Clinical Importance of Grading Tumor Spread through Air Spaces in Early-Stage Small-Lung Adenocarcinoma

Jeong Hyeon Lee  1 Younggjn Kang  1 Seojin Kim  1 Youggi Jung  2 Jae Ho Chung  2 Sungho Lee  2 Eunjue Yi  2
Affiliations

Clinical Importance of Grading Tumor Spread through Air Spaces in Early-Stage Small-Lung Adenocarcinoma

Jeong Hyeon Lee et al. Cancers (Basel). .

Abstract

This study aimed to identify the clinical manifestation and implications according to the grading of tumor spread through air spaces in early-stage small (≤2 cm) pathological stage I non-mucinous lung adenocarcinomas. Medical records of patients with pathological stage I tumors sized ≤2 cm were retrospectively reviewed and analyzed. The furthest distance of the spread through air spaces from the tumor margin was measured on a standard-length scale (mm). Enrolled patients were categorized into spread through air spaces (STAS) (-) and STAS (+), and STAS (+) was subdivided according to its furthest distance as follows: STAS (+)-L (<2 mm) and STAS (+)-H (≥2 mm).
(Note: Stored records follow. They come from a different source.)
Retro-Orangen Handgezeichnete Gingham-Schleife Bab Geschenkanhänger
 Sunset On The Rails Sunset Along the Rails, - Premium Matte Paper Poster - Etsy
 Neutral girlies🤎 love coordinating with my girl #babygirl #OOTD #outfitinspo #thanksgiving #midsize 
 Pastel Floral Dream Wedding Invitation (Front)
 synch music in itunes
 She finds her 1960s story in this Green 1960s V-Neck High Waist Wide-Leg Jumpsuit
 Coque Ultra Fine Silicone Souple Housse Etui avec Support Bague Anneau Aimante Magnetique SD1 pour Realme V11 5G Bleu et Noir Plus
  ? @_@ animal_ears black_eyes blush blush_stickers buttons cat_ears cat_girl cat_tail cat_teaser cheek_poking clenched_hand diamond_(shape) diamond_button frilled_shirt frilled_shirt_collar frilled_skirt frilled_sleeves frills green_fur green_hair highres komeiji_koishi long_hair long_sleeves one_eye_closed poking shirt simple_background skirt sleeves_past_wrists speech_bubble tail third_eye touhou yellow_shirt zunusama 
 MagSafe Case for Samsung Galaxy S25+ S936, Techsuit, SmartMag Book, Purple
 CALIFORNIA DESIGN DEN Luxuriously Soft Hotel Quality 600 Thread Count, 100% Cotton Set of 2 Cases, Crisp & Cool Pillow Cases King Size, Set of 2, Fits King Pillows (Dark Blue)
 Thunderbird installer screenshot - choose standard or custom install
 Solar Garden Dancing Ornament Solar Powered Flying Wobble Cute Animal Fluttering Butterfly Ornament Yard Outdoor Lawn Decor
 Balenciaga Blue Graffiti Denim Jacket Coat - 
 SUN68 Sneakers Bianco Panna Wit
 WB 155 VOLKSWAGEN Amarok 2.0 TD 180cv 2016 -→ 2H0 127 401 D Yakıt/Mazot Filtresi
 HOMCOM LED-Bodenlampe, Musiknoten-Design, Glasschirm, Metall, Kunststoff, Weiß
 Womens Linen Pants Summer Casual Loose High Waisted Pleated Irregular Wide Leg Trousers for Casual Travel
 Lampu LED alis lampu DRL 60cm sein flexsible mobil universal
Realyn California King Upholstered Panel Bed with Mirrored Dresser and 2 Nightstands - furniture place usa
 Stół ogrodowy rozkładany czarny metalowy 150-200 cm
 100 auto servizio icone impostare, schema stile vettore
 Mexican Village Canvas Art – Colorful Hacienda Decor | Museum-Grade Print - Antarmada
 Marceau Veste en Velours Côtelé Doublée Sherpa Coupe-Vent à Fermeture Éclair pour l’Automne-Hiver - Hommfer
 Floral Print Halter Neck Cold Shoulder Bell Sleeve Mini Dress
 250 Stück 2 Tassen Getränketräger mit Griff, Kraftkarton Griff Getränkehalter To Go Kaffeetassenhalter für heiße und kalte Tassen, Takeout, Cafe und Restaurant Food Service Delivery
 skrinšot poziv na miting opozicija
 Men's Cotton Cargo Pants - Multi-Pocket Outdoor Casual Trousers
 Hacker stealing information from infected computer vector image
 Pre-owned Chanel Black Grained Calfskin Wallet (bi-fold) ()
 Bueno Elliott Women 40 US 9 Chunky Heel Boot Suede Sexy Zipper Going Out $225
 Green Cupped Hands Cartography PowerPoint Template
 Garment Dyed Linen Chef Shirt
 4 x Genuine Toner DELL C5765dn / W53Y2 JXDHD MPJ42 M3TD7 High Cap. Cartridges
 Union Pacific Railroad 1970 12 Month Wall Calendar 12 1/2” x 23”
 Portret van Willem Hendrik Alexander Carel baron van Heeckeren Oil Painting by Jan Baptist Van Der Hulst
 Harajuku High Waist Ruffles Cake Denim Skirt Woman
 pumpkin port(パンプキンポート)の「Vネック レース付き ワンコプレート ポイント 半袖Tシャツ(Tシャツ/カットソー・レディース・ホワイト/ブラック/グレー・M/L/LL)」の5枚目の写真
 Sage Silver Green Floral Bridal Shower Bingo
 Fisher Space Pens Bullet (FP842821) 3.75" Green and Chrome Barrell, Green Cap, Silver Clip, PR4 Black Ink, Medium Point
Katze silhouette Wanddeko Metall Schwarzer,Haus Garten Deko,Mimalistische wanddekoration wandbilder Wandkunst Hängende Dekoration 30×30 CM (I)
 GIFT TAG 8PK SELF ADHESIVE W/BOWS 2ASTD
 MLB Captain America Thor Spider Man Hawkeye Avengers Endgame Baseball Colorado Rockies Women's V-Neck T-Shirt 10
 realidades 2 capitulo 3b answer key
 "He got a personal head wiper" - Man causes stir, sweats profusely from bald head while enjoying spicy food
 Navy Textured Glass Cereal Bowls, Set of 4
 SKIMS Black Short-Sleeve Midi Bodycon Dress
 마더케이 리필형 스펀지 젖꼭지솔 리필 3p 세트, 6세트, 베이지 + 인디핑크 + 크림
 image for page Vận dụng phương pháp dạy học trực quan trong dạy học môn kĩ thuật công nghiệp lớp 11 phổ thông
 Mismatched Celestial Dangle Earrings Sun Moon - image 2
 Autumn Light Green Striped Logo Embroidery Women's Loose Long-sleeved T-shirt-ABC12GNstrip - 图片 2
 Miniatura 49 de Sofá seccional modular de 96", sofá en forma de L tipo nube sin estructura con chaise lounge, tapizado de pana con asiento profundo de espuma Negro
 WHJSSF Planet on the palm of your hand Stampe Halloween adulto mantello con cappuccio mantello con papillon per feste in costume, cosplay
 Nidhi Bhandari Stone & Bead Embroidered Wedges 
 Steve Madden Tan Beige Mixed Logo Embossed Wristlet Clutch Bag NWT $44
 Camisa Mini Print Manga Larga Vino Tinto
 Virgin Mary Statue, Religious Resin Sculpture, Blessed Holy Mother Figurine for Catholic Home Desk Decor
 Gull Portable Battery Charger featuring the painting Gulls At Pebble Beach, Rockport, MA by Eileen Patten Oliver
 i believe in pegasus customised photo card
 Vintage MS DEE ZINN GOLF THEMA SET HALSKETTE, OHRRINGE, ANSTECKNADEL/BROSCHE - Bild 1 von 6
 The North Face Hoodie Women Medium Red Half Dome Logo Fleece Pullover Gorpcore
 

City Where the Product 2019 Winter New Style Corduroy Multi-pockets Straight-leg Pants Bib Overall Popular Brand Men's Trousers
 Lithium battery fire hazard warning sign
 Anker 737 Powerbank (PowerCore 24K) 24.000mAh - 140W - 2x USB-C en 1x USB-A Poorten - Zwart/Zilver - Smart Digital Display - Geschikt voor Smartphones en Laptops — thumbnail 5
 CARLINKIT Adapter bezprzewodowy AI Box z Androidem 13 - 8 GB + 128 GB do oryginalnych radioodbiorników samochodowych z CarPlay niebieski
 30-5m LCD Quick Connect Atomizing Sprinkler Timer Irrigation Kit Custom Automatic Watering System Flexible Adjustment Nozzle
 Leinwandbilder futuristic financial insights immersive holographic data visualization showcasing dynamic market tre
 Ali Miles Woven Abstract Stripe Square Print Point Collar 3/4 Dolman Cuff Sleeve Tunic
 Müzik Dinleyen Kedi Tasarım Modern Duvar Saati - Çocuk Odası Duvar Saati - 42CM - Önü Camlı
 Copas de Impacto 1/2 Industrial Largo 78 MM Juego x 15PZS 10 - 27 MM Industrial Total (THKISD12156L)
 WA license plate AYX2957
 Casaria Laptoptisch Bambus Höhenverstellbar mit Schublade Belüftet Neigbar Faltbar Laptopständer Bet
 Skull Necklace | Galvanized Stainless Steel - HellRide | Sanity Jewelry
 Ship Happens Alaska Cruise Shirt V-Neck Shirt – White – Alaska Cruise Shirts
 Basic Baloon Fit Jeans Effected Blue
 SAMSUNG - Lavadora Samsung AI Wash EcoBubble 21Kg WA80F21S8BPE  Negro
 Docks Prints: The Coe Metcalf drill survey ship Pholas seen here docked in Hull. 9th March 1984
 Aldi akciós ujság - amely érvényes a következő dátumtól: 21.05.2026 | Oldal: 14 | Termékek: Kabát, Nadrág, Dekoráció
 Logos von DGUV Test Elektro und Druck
Risk factors for STAS (+) included papillary predominant subtype (p = 0.027), presence of micropapillary patterns (p < 0.001), and EGFR (p = 0.039). The overall survival of the three groups did not differ significantly (p = 0.565). The recurrence-free survival of STAS (+)-H groups was significantly lower than those of STAS (-) and STAS (+)-L (p < 0.001 and p = 0.039, respectively). A number of alveolar spaces were definite risk factors for STAS (+)-H groups (p < 0.001), and male gender could be one (p = 0.054). In the patient group with small (≤2 cm) pathological stage I lung adenocarcinomas, the presence of STAS ≥ 2 mm was related to significantly lower recurrence-free survival. For identifying definite risk factors for the presence of farther STAS, more precise analysis from a larger study population should be undertaken.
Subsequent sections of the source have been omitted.